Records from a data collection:

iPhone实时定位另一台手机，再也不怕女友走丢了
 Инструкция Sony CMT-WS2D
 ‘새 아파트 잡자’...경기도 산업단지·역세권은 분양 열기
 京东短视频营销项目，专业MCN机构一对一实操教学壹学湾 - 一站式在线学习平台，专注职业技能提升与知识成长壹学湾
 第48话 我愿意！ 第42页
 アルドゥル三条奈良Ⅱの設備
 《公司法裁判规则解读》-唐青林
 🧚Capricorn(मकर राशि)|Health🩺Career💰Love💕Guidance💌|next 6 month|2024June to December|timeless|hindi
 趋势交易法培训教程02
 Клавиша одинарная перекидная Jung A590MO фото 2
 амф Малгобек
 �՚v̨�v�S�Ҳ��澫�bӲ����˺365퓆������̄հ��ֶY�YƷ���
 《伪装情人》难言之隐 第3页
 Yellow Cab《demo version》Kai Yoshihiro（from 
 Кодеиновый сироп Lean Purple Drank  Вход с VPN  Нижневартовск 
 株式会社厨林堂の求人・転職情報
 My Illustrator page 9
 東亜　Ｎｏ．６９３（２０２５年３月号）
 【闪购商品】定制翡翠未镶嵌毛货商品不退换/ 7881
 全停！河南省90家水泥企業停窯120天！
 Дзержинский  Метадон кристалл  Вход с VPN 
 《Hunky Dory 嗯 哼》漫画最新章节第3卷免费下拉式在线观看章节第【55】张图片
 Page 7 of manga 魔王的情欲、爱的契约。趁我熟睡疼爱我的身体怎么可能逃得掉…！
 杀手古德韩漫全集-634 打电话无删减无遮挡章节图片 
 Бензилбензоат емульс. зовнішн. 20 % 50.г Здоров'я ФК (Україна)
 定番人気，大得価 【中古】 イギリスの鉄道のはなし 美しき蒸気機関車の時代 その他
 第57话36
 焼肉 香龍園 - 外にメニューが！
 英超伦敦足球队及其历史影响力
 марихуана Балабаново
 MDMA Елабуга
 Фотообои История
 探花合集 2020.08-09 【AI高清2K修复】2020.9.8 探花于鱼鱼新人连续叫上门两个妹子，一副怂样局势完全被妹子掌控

Brief:
Your answer should be the lines above from the one containing "Инструкция Sony CMT-WS2D" through the one containing "Dory 嗯 哼》漫画最新章节第3卷免费下拉式在线观看章节第【55】张图片", copied exactly and with both ends kept.

Task answer:
 Инструкция Sony CMT-WS2D
 ‘새 아파트 잡자’...경기도 산업단지·역세권은 분양 열기
 京东短视频营销项目，专业MCN机构一对一实操教学壹学湾 - 一站式在线学习平台，专注职业技能提升与知识成长壹学湾
 第48话 我愿意！ 第42页
 アルドゥル三条奈良Ⅱの設備
 《公司法裁判规则解读》-唐青林
 🧚Capricorn(मकर राशि)|Health🩺Career💰Love💕Guidance💌|next 6 month|2024June to December|timeless|hindi
 趋势交易法培训教程02
 Клавиша одинарная перекидная Jung A590MO фото 2
 амф Малгобек
 �՚v̨�v�S�Ҳ��澫�bӲ����˺365퓆������̄հ��ֶY�YƷ���
 《伪装情人》难言之隐 第3页
 Yellow Cab《demo version》Kai Yoshihiro（from 
 Кодеиновый сироп Lean Purple Drank  Вход с VPN  Нижневартовск 
 株式会社厨林堂の求人・転職情報
 My Illustrator page 9
 東亜　Ｎｏ．６９３（２０２５年３月号）
 【闪购商品】定制翡翠未镶嵌毛货商品不退换/ 7881
 全停！河南省90家水泥企業停窯120天！
 Дзержинский  Метадон кристалл  Вход с VPN 
 《Hunky Dory 嗯 哼》漫画最新章节第3卷免费下拉式在线观看章节第【55】张图片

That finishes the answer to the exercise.